I know, it’s the cardinal sin to lust after your best friend’s boyfriend, and I swear, I did my best to stop. I cleared out whenever he came around, I hooked up with any other guy I could find, I told myself that I would get bored of Daniel’s perfect gentleman routine in like, five seconds flat if, in some alternate universe, he’d looked my way instead of Juliet’s.
It wasn’t like I had some epic crush. At least, that’s what I kept telling myself. I just … noticed him, that’s all. I wondered what it would be like, if the situation was reversed, and I had a man who loved me that much, and treated me so well.
So when Juliet went back to Beachwood Bay six months ago and fell headlong back in crazy, passionate love with Emerson, her bad-boy ex, I couldn’t understand it. She was throwing away the perfect man: hurting Daniel when he’d done nothing wrong at all. Of course, I managed to stay mad at Juliet for about five minutes, until I realized just how torn she was about the whole situation—and how much she and Emerson clearly belonged together. They have that epic, soul-mates, meant-to-be thing going on, and poor Daniel was just an inevitable casualty of their happily-ever-after. He even took it like a man, too: nobly bowing out and wishing her the best once he realized there was no messing with fate. How strong and decent is that?
Except strong and decent still winds up alone. I feel a rush of sympathy, remembering the look on his face when I brought up the wedding. Trust me to kick him when he’s down. He’s probably still nursing a broken heart.
Or moved on to some other perfect, sweet, nice girl. The kind who doesn’t hook up on the first date, and bakes pie instead of using her oven as an underwear drawer …
The thought sends an unexpected pang of jealousy through me, but I shake it off. The line is finally moving up ahead, so I grab my bags, and slowly shuffle onto the plane.

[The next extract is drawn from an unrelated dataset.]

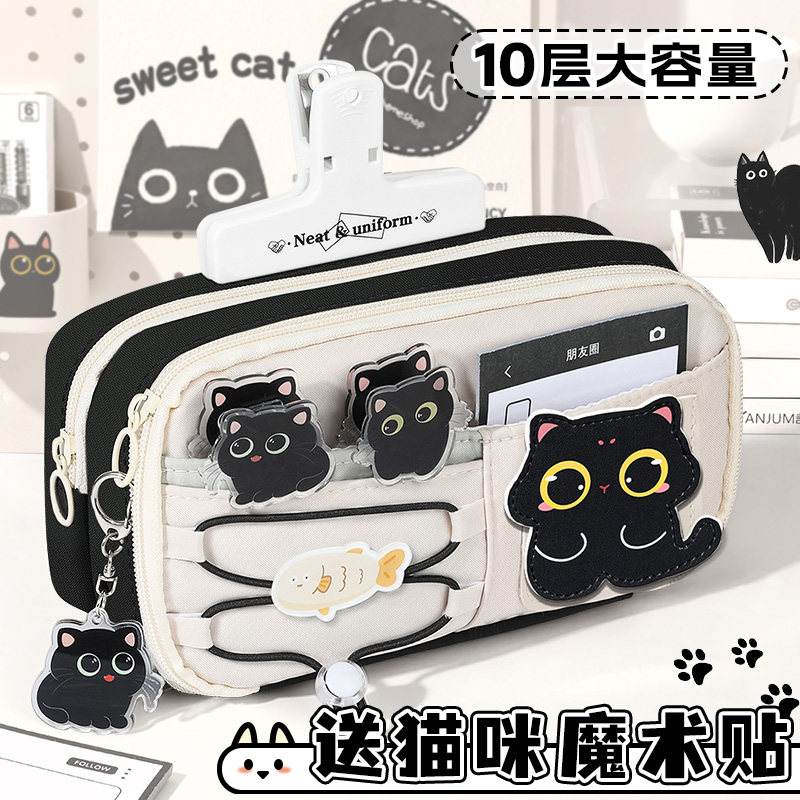 惊天萌物~10层黑猫大容量笔袋女生2025新款超火高颜值ins女孩款文具盒初中男生铅笔盒小学生文具袋魔术贴男孩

“Excuse me, sorry, coming through!”
On board, it’s like a holiday apocalypse: every man for himself. I manage to squeeze through to my
row number, and then try to hoist my bag up into the overhead lockers, struggling to lift it above my head.
Oh boy. Maybe I shouldn’t have packed three different pairs of pumps.
“I’ve got it.” Someone grabs the bag from behind me and swings it up into the locker with zero effort. I turn just as his shirt rides up, and I find myself staring at a set of taut, chiseled abs, and the navy line of his underwear below.
Hello!
“I guess you’re connecting through Atlanta too.”
The familiar voice makes me snap my head up. It can’t be!
But it is.
Daniel gives me an awkward smile, crammed up against me in the narrow aisle. “Twenty-two B?”
I blink, my mind reeling from seeing him again. And his abs … “What?” I stutter.
“Your seat.” He nods behind me. “I’m twenty-two A.”
“Oh. Right.” I take a step back, thrown by his closeness, and immediately crash into the seat arm. I yelp, and tumble back over the top, so I’m sprawled across the seats with my legs in the air.